Saarlouiser Schüler macht Fotos ertastbar

Ein Schüler steht vor einer Leinwand, auf die das Bild der einer Wal-Schwanzflosse projiziert ist.
Bilder fühlen: Preisträger Andreas Sonntag bei der Erläuterung seines Computerprogramms.
Bild: privat
BENSHEIM/SAARLOUIS. Der CBM-Sonderpreis 2007 "Innovationen für Menschen mit Behinderungen" im Rahmen von "Jugend forscht" geht an einen Schüler des Saarlouiser Gymnasiums am Stadtgarten: Andreas Sonntag (17) entwickelte eine
Software, die es Nutzern ermöglicht, sich zweidimensionale Bilderdreidimensional darstellen zu lassen.

Statt Texten Bilder ertasten

Dass sich blinde Menschen Texte am Computer in Blindenschrift umwandeln lassen und damit selbst lesen können, ist nicht neu. Dass diese Umwandlung in Texteauch mit eingescannten Briefen, das heißt also mit Bildern möglich ist, verblüffte den 17-jährigen.

So kam der Schüler auf die Idee, ein Computerprogramm zu entwickeln, das es erlaubt, zweidimensionale Bilder in dreidimensionale Strukturen umzuwandeln. Eine spezielle Funktion ermittelt dazu die Information über die jeweilige Höhe der einzelnen Bildpunkte. Die unterschiedlichen Höhen könnten dann auf der Blindentastatur erfühlt werden.

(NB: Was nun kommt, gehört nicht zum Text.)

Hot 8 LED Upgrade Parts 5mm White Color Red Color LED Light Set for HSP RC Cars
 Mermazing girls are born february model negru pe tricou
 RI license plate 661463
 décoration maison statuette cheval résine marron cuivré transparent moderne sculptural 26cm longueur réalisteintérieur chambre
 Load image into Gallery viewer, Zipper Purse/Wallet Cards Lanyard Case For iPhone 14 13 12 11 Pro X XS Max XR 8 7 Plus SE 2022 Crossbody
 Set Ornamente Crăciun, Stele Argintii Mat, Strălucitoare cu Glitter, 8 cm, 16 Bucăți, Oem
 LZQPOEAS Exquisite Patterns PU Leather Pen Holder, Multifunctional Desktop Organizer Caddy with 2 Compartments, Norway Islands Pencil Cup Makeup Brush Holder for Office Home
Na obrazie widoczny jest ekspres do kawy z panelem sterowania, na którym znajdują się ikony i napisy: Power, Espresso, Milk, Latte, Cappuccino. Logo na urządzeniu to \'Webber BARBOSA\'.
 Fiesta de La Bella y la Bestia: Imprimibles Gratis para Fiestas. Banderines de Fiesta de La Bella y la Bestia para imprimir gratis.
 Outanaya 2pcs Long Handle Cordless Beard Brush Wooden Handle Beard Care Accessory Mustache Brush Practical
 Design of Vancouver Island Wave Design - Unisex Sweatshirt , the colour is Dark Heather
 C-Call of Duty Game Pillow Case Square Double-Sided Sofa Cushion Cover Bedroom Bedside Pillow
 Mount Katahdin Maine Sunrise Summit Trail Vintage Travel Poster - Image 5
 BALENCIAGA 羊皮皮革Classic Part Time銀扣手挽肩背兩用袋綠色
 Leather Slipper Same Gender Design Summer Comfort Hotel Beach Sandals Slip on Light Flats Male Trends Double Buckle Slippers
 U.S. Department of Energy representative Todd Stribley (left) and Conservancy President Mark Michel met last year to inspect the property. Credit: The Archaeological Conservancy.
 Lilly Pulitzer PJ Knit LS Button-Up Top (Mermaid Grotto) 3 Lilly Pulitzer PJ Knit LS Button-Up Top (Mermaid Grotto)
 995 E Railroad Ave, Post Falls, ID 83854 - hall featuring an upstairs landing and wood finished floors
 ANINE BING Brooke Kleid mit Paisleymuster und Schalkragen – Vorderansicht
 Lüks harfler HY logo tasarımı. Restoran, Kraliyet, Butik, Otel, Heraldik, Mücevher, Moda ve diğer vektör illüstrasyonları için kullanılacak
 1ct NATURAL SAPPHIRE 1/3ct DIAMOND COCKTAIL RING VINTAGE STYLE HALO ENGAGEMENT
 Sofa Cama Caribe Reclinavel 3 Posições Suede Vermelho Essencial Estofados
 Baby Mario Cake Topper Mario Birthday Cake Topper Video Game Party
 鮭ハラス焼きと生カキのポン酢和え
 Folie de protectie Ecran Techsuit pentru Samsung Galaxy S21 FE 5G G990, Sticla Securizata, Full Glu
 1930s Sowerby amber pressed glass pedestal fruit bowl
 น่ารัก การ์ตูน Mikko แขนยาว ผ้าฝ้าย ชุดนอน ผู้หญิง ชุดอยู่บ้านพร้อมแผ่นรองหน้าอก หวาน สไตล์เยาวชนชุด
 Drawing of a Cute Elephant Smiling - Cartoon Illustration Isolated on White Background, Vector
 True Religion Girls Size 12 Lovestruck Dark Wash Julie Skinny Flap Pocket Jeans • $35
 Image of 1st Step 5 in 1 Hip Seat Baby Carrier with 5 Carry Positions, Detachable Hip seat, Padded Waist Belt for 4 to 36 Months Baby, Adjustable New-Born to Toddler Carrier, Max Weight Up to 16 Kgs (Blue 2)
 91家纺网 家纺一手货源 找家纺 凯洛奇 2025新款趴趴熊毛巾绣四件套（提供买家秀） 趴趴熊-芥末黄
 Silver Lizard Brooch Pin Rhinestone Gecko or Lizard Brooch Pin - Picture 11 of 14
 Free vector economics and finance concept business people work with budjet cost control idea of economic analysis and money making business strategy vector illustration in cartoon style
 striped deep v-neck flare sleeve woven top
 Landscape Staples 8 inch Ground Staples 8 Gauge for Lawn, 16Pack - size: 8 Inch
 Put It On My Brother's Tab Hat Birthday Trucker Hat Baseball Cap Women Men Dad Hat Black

Weiterentwicklung und Ziele

Ziel von Andreas Sonntag ist es, über eine Computer-Bildtastatur blinden Menschen zu ermöglichen, jedes beliebige Foto als 3D-Objekt ertastbar zu machen. Langfristig erhofft er sich, dass auch die Konvertierung von Videos möglich wird. Die CBM freut sich über das Engagement des 17-Jährigen, der mithilft, blinden Menschen die Welt der Sehenden zugänglich zu machen, und belohnt das mit dem CBM-Sonderpreis.

600 Millionen Menschen mit Behinderungen

Weltweit gibt es über 600 Millionen Menschen mit Behinderungen, die meisten davon leben in Entwicklungsländern. Sie sind viel stärker von gesellschaftlicher Ausgrenzung betroffen als hierzulande, ihre Ausbildungs- und Berufschancen sind denkbar schlecht. Der CBM-Sonderpreis auf Landesebene ist mit 150 € dotiert und zeichnet kreative Ideen und Forschungen aus, die Behinderungen zu vermeiden helfen, Menschen mit Behinderungen den Alltag erleichtern und zu mehr Chancengleichheit hier und in den Entwicklungsländern beitragen.

Ziel: selbstständigeres Leben ermöglichen

Die CBM ermöglicht Menschen mit Behinderung in rund 1.000 Projekten weltweit ein selbstständigeres Leben. Medizinische Hilfe, Rehabilitation und Integration in die Gesellschaft stehen dabei im Vordergrund, beispielsweise durch die Unterstützung von Augenhospitälern, Blindenschulen und Förderprogrammen für Hörgeschädigte und Körperbehinderte.

Nach Landesebene folgt auch auf Bundesebene Prämierung

Nach der Prämierung auf Landesebene haben alle Teilnehmer die Chance, den von der Christoffel-Blindenmission im Rahmen von "Jugend forscht" ausgeschriebenen Bundes-Sonderpreis zu erhalten. Bevorzugt werden innovative Ideen ausgezeichnet, die sich mit den Themen Behinderung und Rehabilitation in Entwicklungsländern auseinandersetzen. Der Preis ist mit 300 Euro dotiert.